Dave Dale, co-chair of the collaborative, observes that numerous software vendors have been rallying around DAFS as a mechanism for facilitating end users with a standard method for file sharing and file access that is truly platform-agnostic. In addition to Oracle, Dale notes that IBM's DB2 database offering has also been instrumented to support diverse block and file system access-based deployment alternatives using DAFS.
Driving the Hybrid Vision Forward
SANs currently lack a standard file access protocol, according to Dave Dale, co-chair of the Direct Access File System (DAFS) Collaborative and industry evangelist for Network Appliance, which makes NAS systems. However, the 75 member companies of the DAFS Collaborative have been working hard to develop a file system, analogous to NFS in the NAS space, "to enable transport-independent heterogeneous file sharing by a broadly supported file access protocol on a SAN."
According to Dale, DAFS will level the playing field between the performance of NAS and the performance of block-level storage (whether SAN or RAID array-based) by reducing the number of instructions required to manipulate a file. Such technology comes at the right time, because more database software vendors, including Oracle Corp. and IBM Corp., are seeking to improve their ease-of-use by adopting a file access model.
"SANs lack a standard way to accomplish heterogeneous file sharing and they lack a standard file access protocol," says Dale. "And there is a need for this capability right now."
Dale says that he sees DAFS as providing the capability to integrate NAS and SAN, but he declined to speculate on product-specific implementations. Other members of the collaborative, including Tim Bosserman, a consulting research engineer with Internet Service Provider, Earthlink Inc., are less worried about politics.
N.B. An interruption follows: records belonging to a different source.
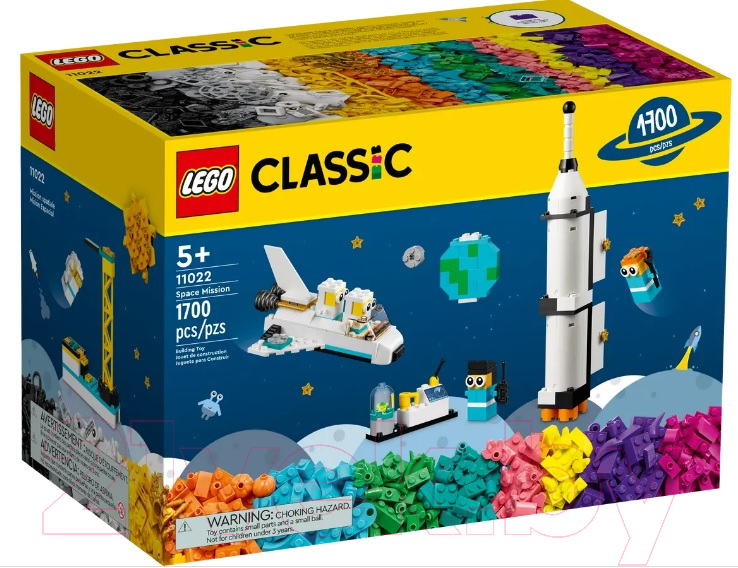 Конструктор Lego Classic - XXL Космическая миссия / 11022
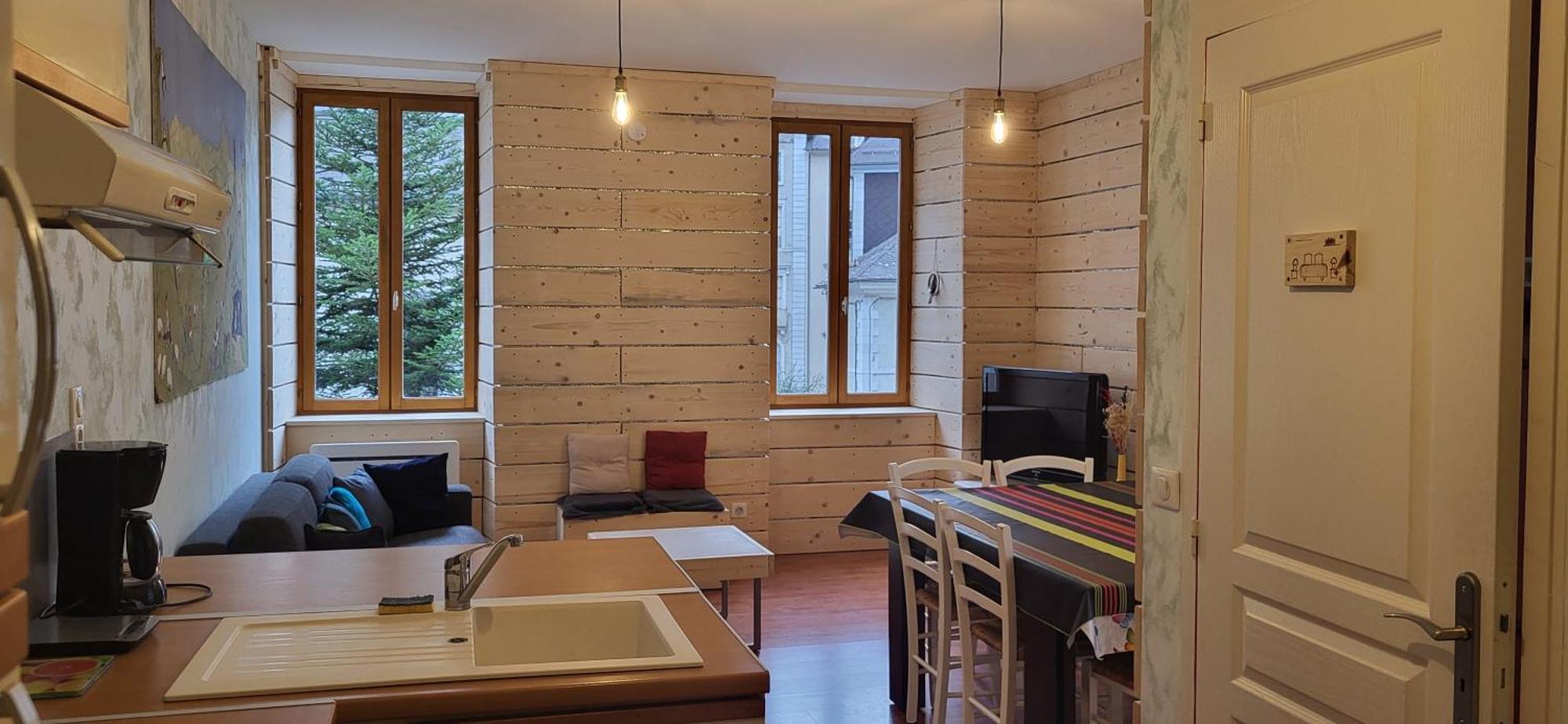 Appartement Familial T3 Avec Sauna 8 Personnes Eaux-Bonnes Buitenkant foto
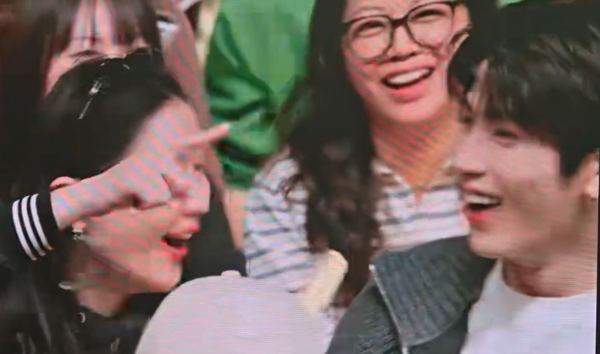 ▲劉宇寧開唱，張凌赫和金靖到場力挺。（圖／翻攝自微博）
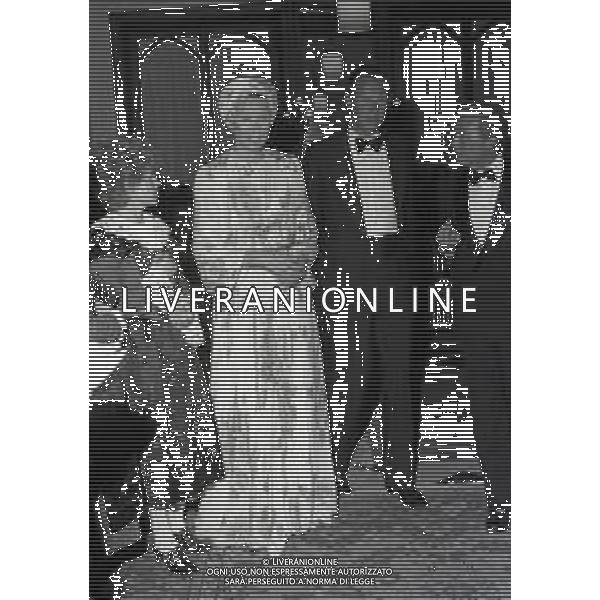RETROSPETTIVA MARIA GABRIELLA DI SAVOIA NELLA FOTO MARIA GABRIELLA DI SAVOIA A SAINT MORITZ AD UNA FESTA DI RICEVIMENTO NELL\'ANNO 1975 ARCHIVIO VESPASIANI -AG ALDO LIVERANI SAS 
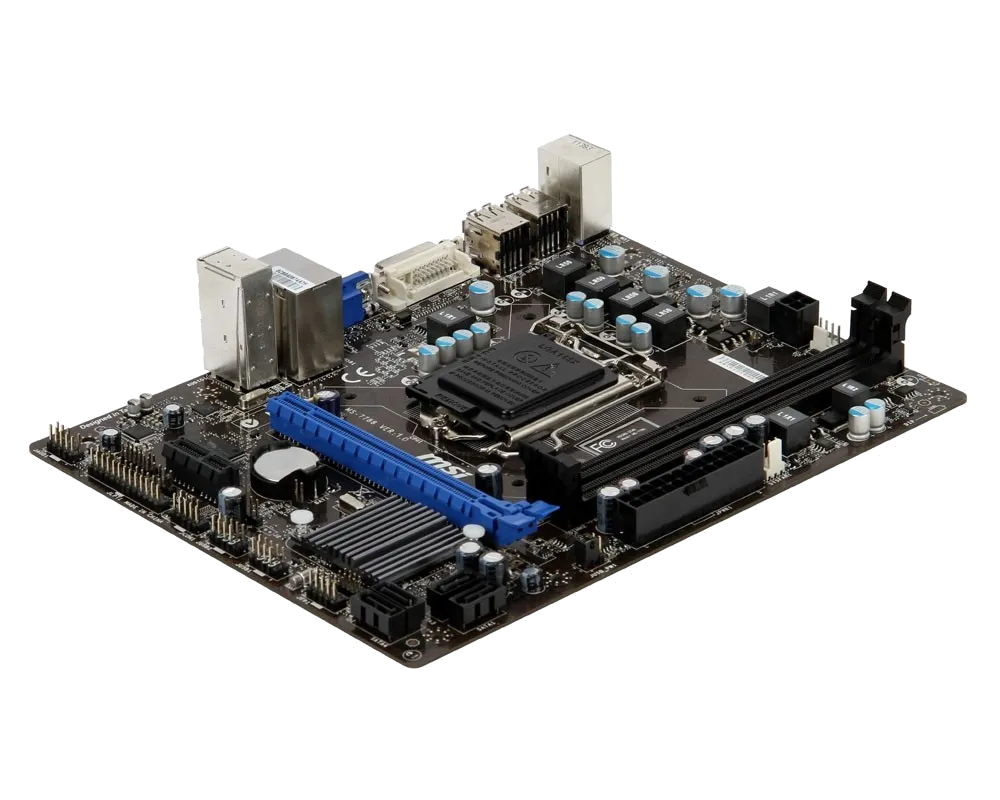 материнской платы MSI H61M-P20/W8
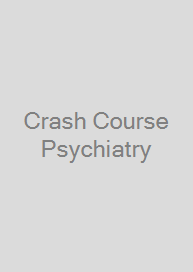 Cover Crash Course Psychiatry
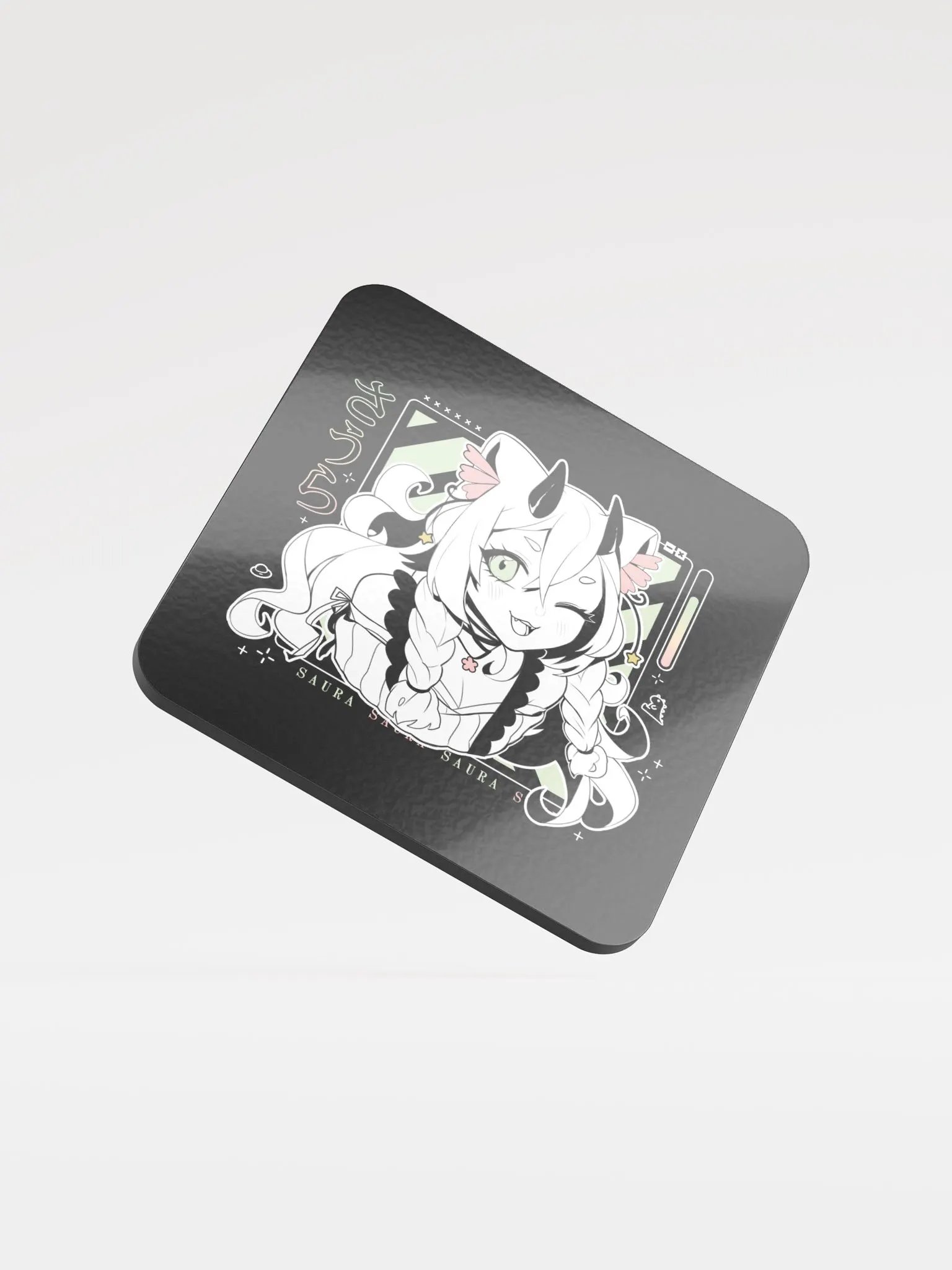 *WINK* Cork Coaster product image (1)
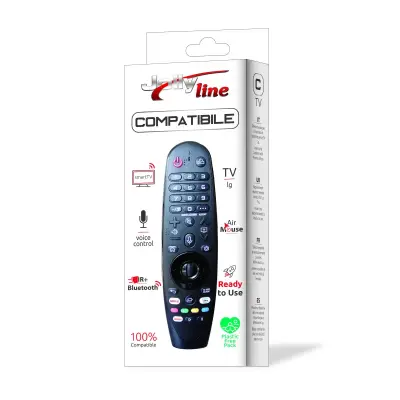 Jolly Line univerzalni daljinski za LG TV glasovno upravljanje AirMouse BT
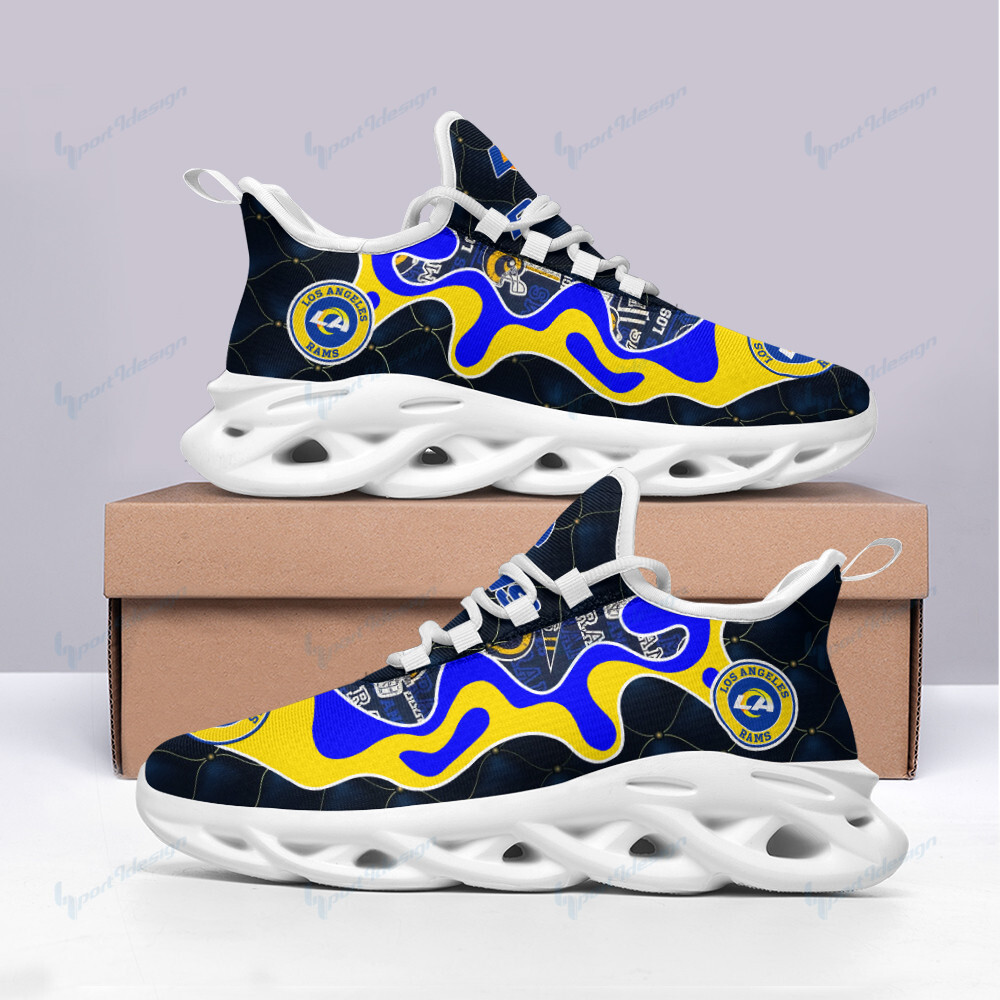 Los Angeles Rams Max Soul Shoes Sneakers For Men And Women neasalamis.com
Bosserman says that Earthlink uses primarily NAS products for its data storage, because "NFS and NAS are very scalable. A key advantage of the technology," according to Bosserman, is scalability with minimal downtime: "We can add more storage appliances and re-balance the load on the fly without causing an outage."
"We use NFS for distributed fault tolerance in our back-end storage, which is used for e-mail, Web pages and personal start pages. Our biggest application is e-mail, which is hosted on approximately 1.8 TB of NFS NAS consisting of 20 filers from Network Appliance," he explains, noting that Earthlink adopted NAS products in the late 1990s and was thus one of the first to do so.
However, NAS has limitations, according to Bosserman, that need to be overcome before Earthlink can vest all of its data to the platform. One sore point is latency that impacts the efficient access to an Oracle database-based "authorization" file.
"We are running into latency issues directly related to NFS file locking, and in some cases to TCP/IP, when we do our end-of-month updates to the authorization file," Bosserman says. The troublesome file will "lock up when we are trying to make a one-byte update to remove access for those customers who haven't paid their bills."
Earthlink has been seeking a way to host its request-flooded portal service applications on NFS-accessed NAS. The goal is to reduce latency and enhance performance.
Bosserman was "very impressed" by the demonstrations of DAFS capabilities at the organization's June 2001 developer conference. Side-by-side testing with NFS and DAFS showed that the DAFS processed file requests using about a tenth of the number of machine instructions required by NFS, he reports. Says Bosserman, "Throughput in megabits per second and CPU load were displayed side by side for both NFS and DAFS. I don't recall specific numbers, but the bar representing DAFS throughput was much longer than the NFS bar, while the bar representing CPU load was much shorter than the NFS bar."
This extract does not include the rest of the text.